Exemplos bastante clássicos da necessidade involuntária e velada de manipulação estão na ordem familiar, normalmente praticada por pai e mãe. Há uma defesa de que o amor de mãe é absolutamente e geneticamente incondicional, mas se colocamos uma lupa analítica nesta questão, veremos que não é bem assim. A mãe ama seu filho e amará mais ainda se ele conduzir seu comportamento conforme o desejo dela, ela demonstrará ainda mais satisfação com ele se as suas opiniões forem aceitas e aplicadas em sua vida. Enfim, isto pode ser feito de maneira branda e natural, mas não muda a premissa do comportamento.

O ambiente de trabalho também é um local bastante interessante onde encontramos com freqüência as duas categorias de manipulação. Sempre haverão os dois perfis de comportamento: os mais expansivos e os menos expressivos, o primeiros buscará conduzir o segundo conforme suas necessidades.

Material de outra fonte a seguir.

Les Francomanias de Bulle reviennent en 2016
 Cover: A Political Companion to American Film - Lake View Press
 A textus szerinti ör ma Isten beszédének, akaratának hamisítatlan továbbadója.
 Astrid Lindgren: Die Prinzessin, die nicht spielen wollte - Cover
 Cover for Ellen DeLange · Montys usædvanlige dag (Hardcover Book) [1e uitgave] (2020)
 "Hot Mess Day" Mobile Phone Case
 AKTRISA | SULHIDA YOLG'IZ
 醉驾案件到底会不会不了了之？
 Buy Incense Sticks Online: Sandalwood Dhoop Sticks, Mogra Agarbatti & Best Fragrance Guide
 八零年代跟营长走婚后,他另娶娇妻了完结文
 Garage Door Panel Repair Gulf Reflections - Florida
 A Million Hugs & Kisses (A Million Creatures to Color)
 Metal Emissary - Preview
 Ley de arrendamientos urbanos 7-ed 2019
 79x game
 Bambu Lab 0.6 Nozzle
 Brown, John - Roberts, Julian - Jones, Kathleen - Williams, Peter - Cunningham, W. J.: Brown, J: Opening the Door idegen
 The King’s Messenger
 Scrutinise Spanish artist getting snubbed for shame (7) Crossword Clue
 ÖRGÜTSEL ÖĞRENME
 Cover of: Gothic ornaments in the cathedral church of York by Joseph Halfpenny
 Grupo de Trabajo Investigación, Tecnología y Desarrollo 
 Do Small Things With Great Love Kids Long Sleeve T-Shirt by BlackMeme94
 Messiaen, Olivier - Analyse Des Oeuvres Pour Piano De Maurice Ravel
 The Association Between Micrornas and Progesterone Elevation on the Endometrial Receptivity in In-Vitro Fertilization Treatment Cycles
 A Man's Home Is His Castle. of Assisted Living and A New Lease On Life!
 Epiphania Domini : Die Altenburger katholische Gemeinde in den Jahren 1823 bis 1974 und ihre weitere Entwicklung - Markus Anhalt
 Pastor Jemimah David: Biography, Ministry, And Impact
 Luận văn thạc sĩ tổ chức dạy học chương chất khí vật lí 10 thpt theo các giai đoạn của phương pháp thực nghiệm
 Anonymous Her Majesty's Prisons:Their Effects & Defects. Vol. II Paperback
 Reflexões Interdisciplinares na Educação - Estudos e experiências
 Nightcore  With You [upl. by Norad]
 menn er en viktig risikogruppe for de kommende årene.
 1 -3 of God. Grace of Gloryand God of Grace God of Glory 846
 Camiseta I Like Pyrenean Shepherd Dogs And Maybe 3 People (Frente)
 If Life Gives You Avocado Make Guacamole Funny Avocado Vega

Enfim, o importante a ressaltar é que o manipulador aposta sempre em obediência cega, em conquistar seus objetivos sem muita contestação, no entanto, se ele encontra resistência, ou alguém que se mostra tão ou mais convicto do que ele, este ciclo de manipulação não se concretiza e, aos poucos  ele tende a não se repetir. E o contrário também acontece, se o manipulador encontra facilidades em conduzir pessoas ou circunstâncias, ele se sentirá confiante em repetir este padrão de comportamento sempre.